__Your assignment__
Reproduce precisely the lines of the material below from the line containing "Telefon och internet" up to and including its last line. Pictures must not be copied.
******
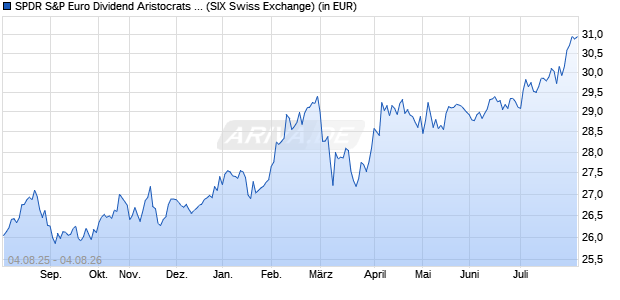 Performance des SPDR S&P Euro Dividend Aristocrats UCITS ETF (WKN A1JT1B, ISIN IE00B5M1WJ87)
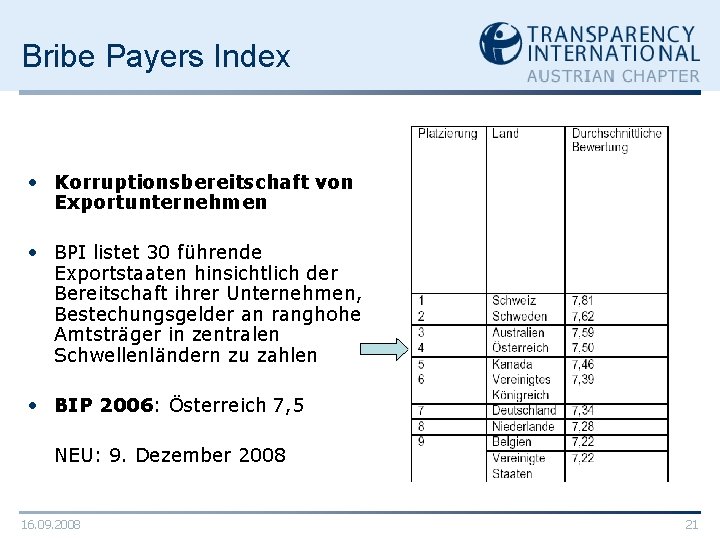 Bribe Payers Index • Korruptionsbereitschaft von Exportunternehmen • BPI listet 30 führende Exportstaaten hinsichtlich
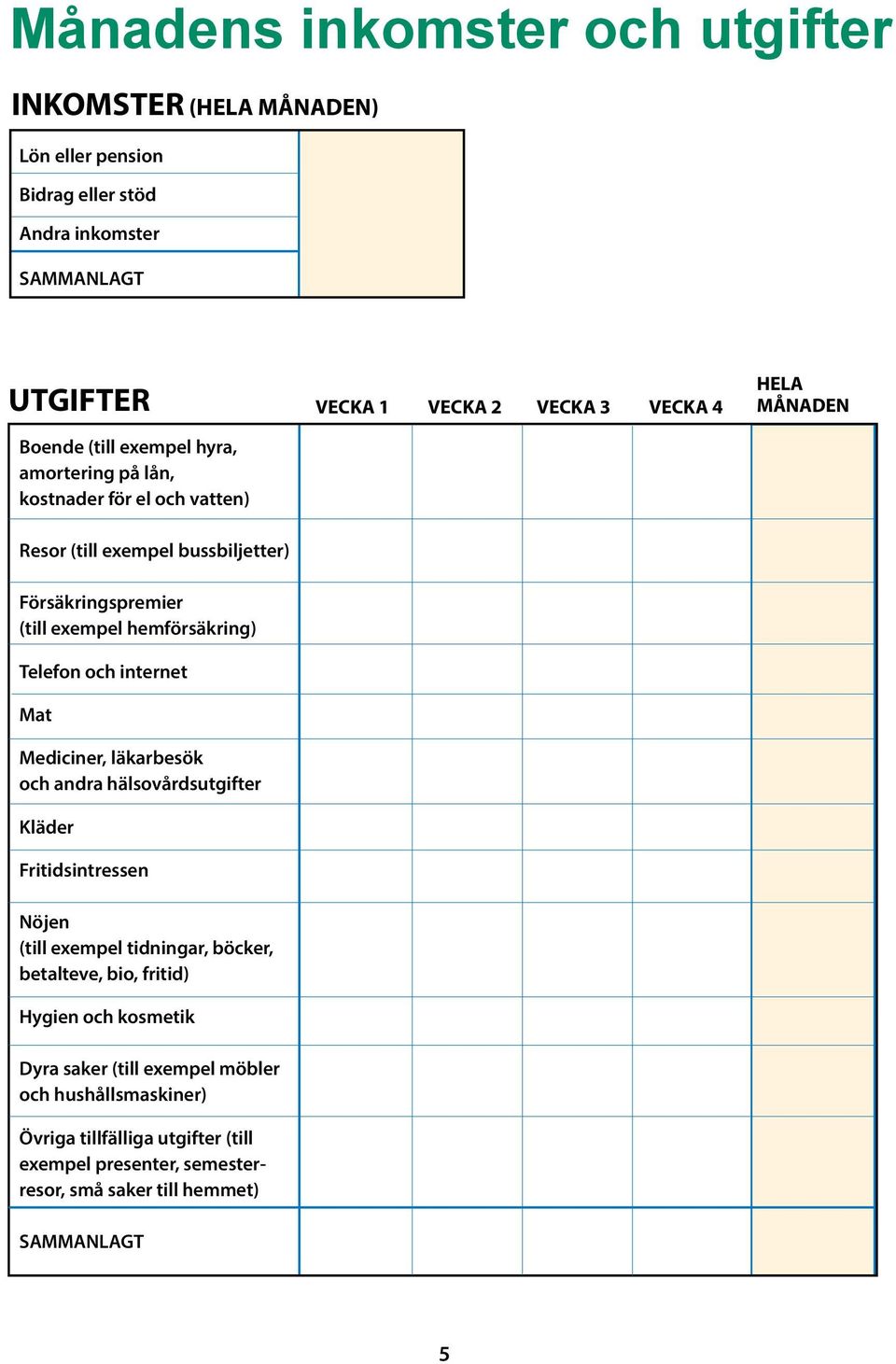 Telefon och internet Mat Mediciner, läkarbesök och andra hälsovårdsutgifter Kläder Fritidsintressen Nöjen (till exempel tidningar, böcker, betalteve, bio, fritid)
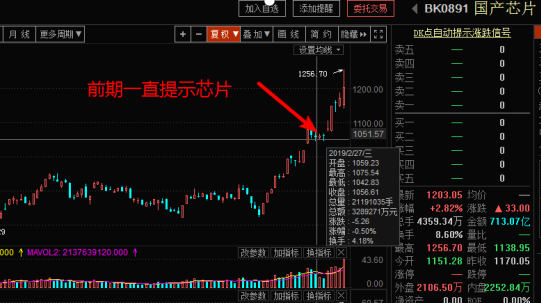 【风水资金实战课】指数调整不过是资金从高位流入低位，芯片爆发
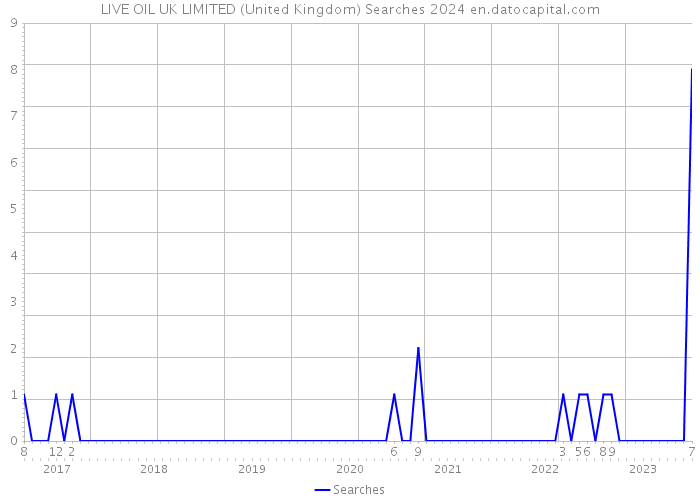 LIVE OIL UK LIMITED (United Kingdom) Searches 2024 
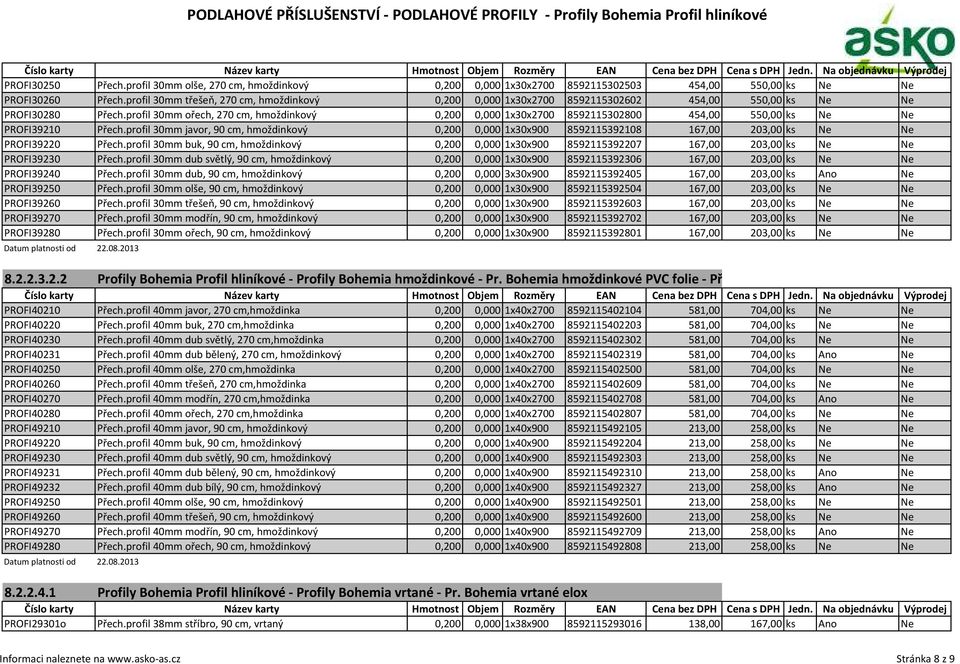 profil 30mm ořech, 270 cm, hmoždinkový 0,200 0,000 1x30x2700 8592115302800 454,00 550,00 ks Ne Ne PROFI39210 Přech.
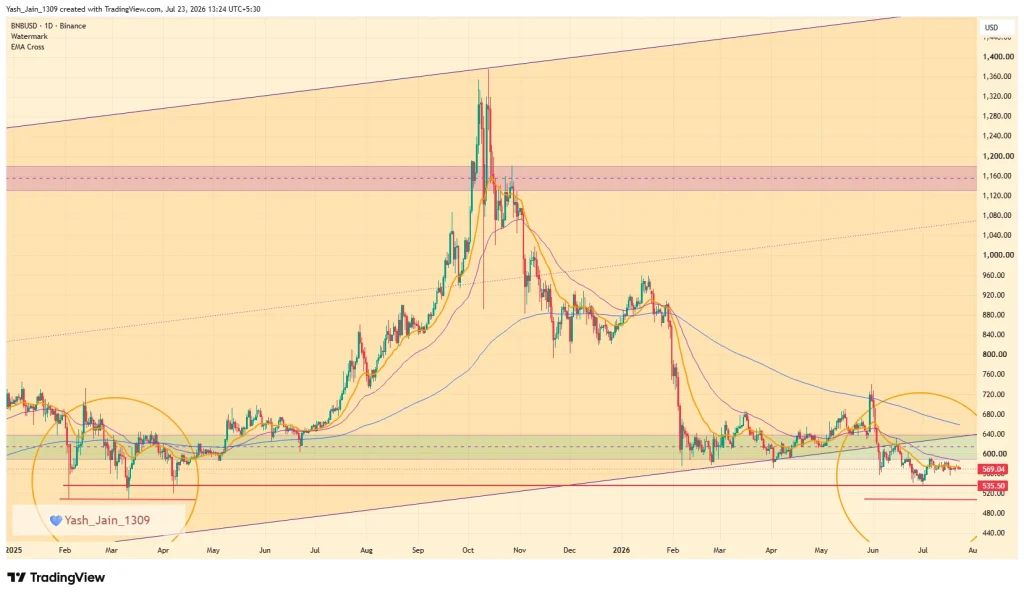 Binance Coin (BNB) Price Prediction July 2026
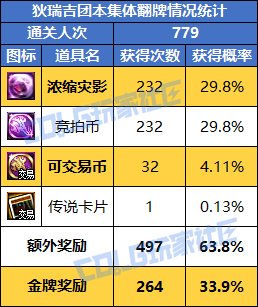 【概率监测站】野猪武器离你有多近？狄瑞吉金牌率、传世武器爆率小样本测试5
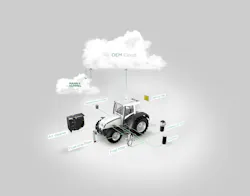 Smart Filter Monitoring Hd I Graphic 5dc9a73b422a8 Smart Filter Monitoring Hd I Graphic 5dc9a73b422a8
******
__Task output__
 Telefon och internet Mat Mediciner, läkarbesök och andra hälsovårdsutgifter Kläder Fritidsintressen Nöjen (till exempel tidningar, böcker, betalteve, bio, fritid)
 【风水资金实战课】指数调整不过是资金从高位流入低位，芯片爆发
 LIVE OIL UK LIMITED (United Kingdom) Searches 2024 
 profil 30mm ořech, 270 cm, hmoždinkový 0,200 0,000 1x30x2700 8592115302800 454,00 550,00 ks Ne Ne PROFI39210 Přech.
 Binance Coin (BNB) Price Prediction July 2026
 【概率监测站】野猪武器离你有多近？狄瑞吉金牌率、传世武器爆率小样本测试5
 Smart Filter Monitoring Hd I Graphic 5dc9a73b422a8 Smart Filter Monitoring Hd I Graphic 5dc9a73b422a8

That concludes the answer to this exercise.